In Northern Ireland, non-essential shops reopened on Friday, but there is still no date for Wales and Scotland.
In England, pubs, restaurants, hairdressers, hotels and cinemas will not be allowed to open their doors until 4 July at the earliest – and even then, only if they can meet social distancing measures.
Key to a successful reopening of the economy is the two-metre social distancing rule, the hospitality industry says. Pubs and restaurants have warned that they cannot make money if customers are required to keep two-metres apart, and have urged that the distance limit be reduced to one metre.
Mr Johnson has commissioned a review into two-metre distancing, saying there was “margin for manoeuvre” as the number of coronavirus cases falls.

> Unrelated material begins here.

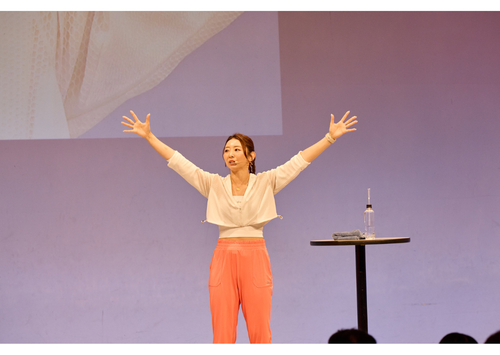 竹脇まりな 両手を上げている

The government is under intense pressure to get the economy moving as fears grow of a new wave of job losses as furlough scheme that has supported eight million workers is wound down.
On Sunday, Chancellor Rishi Sunak acknowledged that more redundancies were inevitable. “Primarily we need to reopen our economy safely and slowly. That is the most important thing to try and safeguard as many of those jobs as possible,” he told The Andrew Marr Show.
But he warned: “There is going to be hardship ahead. People are going to lose their jobs.”